A turning point for Chicago’s public housing occurred in 1950. By that time, those most in need of affordable housing in Chicago were African Americans, whose numbers were rapidly expanding, primarily because of the northward migration of Southern blacks. The CHA and Chicago’s city council needed to decide where to build new public housing. The CHA proposed a variety of sites, including many vacant areas bordering white neighbourhoods. The city council insisted primarily on clearing already existing slums in African American neighbourhoods to provide space for new higher-capacity buildings. After a lengthy, racially charged public debate, the city council’s vision won out, an outcome that would have a dramatic impact on public housing in Chicago for the rest of the 20th century.

Most of the new public housing that followed, built in the 1950s and ’60s under Mayor Richard J. Daley, came in the form of massive superblocks of high-rise apartments. In 1958, next to the Frances Cabrini Homes, construction was completed on the Cabrini Extension—known as the “Reds,” partly because of the buildings’ red brick exteriors. The Reds consisted of 15 buildings of 7, 10, or 19 stories. In 1962 the William Green Homes—called the “Whites”—were completed. Located north and west of the Cabrini Extension, they consisted of eight white concrete buildings 15 or 16 stories tall.

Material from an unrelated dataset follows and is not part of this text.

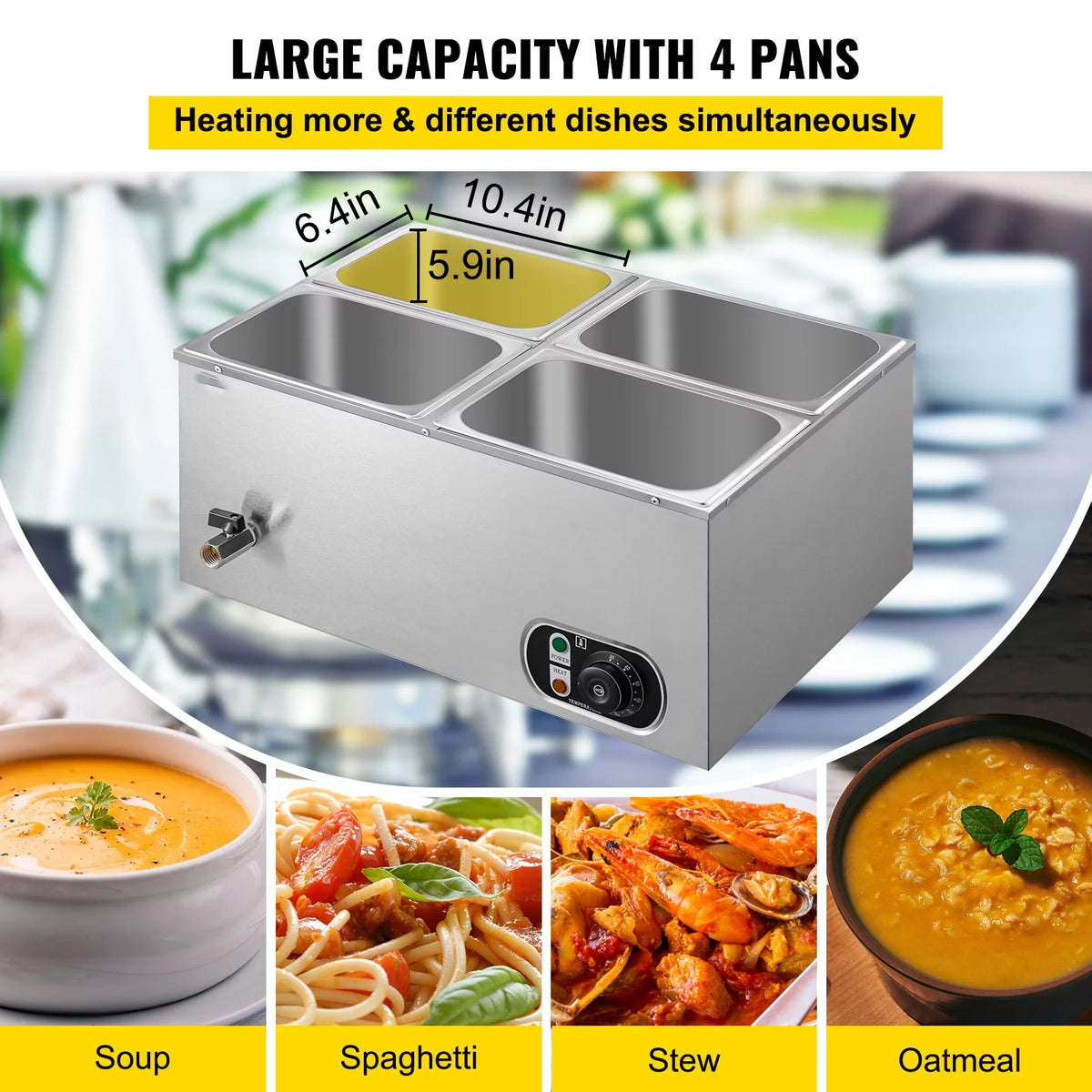 110V 4-Pan Stainless Steel Commercial Food Warmer 24 Qt X15655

The superblocks left many areas of Chicago with row after row of monolithic concrete towers—artificially constructed communities cut off from the neighbourhoods around them, forming dense geographic concentrations of poverty. The results would generally prove disastrous. The buildings themselves were often poorly built and difficult to maintain. The massive size of the apartment complexes and the large number of residents made a sense of social order and community much harder to sustain.

Cabrini-Green—as the entire housing project came to be known—became a national symbol of the deteriorating state of public housing in Chicago when, in 1970, two police officers were killed by a sniper in one of the buildings. In the decades that followed, despite a variety of efforts to increase security, Cabrini-Green became notorious for gangs, drugs, and sensational crimes. Chicago Mayor Jane Byrne moved into Cabrini-Green for a few weeks in 1981 to show her determination to reduce crime, but it had little effect other than to draw further attention to the problem.

In 1995, after years of controversy and in light of financial and management scandals, the U.S. Department of Housing and Urban Development took over the CHA. Mayor Richard M. Daley regained control of the CHA in 1999, and the agency announced what it called its “Plan for Transformation” for the city’s public housing, which entailed the destruction of all of the CHA’s high-rise buildings—including those in the Cabrini-Green complex—and their replacement with mixed-income developments. Demolition of buildings in Cabrini-Green began in 2000. The last residents of the development departed at the end of 2010, and the final demolitions took place soon afterward.